Başbakan Yıldırım, büyüme hedefinin 2017 yılında yüzde 4.4, 2018 ve 2019 yıllarında ise yüzde 5 olduğunu anımsattı: “Eğer küresel ezber bozan bir gelişme olmazsa, bunları mütevazı görüyorum. Hedefimiz bunların da üzerine çıkmak. Bunu sağlamanın birkaç yolu var. Finansal erişimi kolaylaştıracağız. Politika faizi ile piyasa faizi arasındaki makası daraltacağız. Dolayısıyla bir yandan da indirmeye devam edeceğiz. Küresel gelişmeler bu konuda bizi farklı bir durumla karşı karşıya bırakırsa onu saymıyorum. Sürekli de ne idiğü belli olmayan kaynaklar ‘darbe olacak, tekrar geliyorlar’ gibi kafa karıştırıcı şeyler söylüyor. Maalesef acı olan şu ki, o kaynaklara bilgi üretimi de Türkiye’den. Bunu önemseyin arkadaşlar, Türkiye’den besleme yapıyorlar.”

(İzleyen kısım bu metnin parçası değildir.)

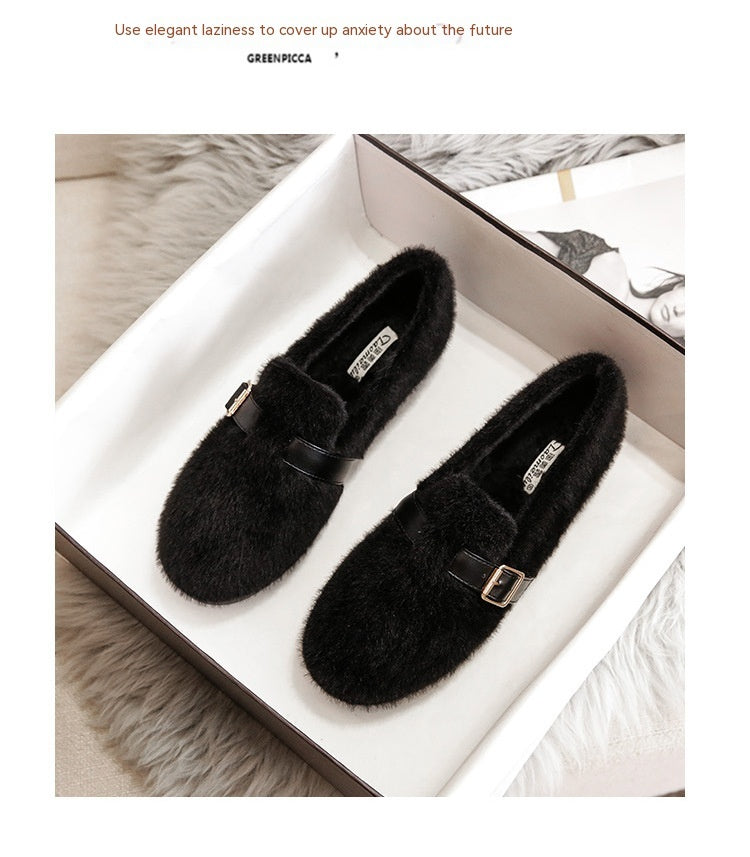 Women's Fleece-lined Platform Lamb Wool Shoes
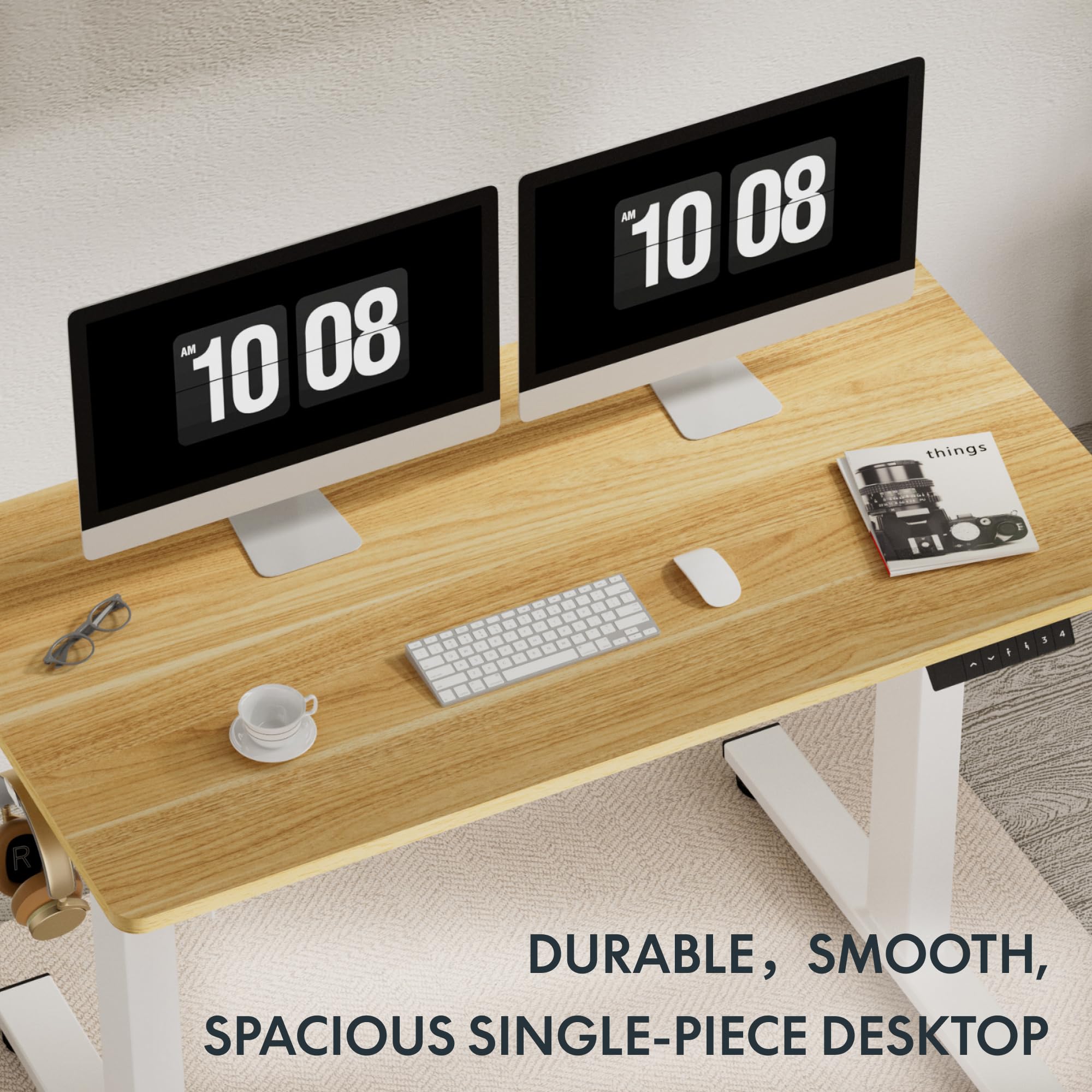 Flexispot EN1 Electric Height Adjustable Standing Desk 40 x 24 Inches - Whole-Piece Maple Top & White Frame - Sit Stand Home Office Desk for Work, Study & Gaming (Ergonomic Workspace Solution)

Binali Yıldırım, yatırım yapmak isteyenlerin karşısında uzun bir süreç bulunduğuna dikkati çekerek, şunları aktardı:
“Adam yatırım yapacak 50 yere gidiyor. Onu gör, o belediyeyi gör, o bakanlığı gör, dolanıp duruyor. Şimdi bunların hepsini basitleştiriyoruz. İşimiz; kamu süreçlerinin hızlandırılması, mevzuatın basitleştirilmesi ve kamu karar vericilerin, memurların inisiyatif kullanmasını sağlayacak düzenlemelere hız veriyoruz.” Yıldırım, eğitim ve sağlık işini bile tek başına devletin yapmasına ihtiyaç bulunmadığını belirterek, “Orada da vatandaş işin içine girebilir. Sağlıkta zaten girdi, eğitimde yüzde 14-15 seviyelerine çıkıyor özel eğitim. Ama güvenliği bence delege etmemek lazım. Güvenlik işi ve adalet işinde asla ‘outsource’ olmaz.”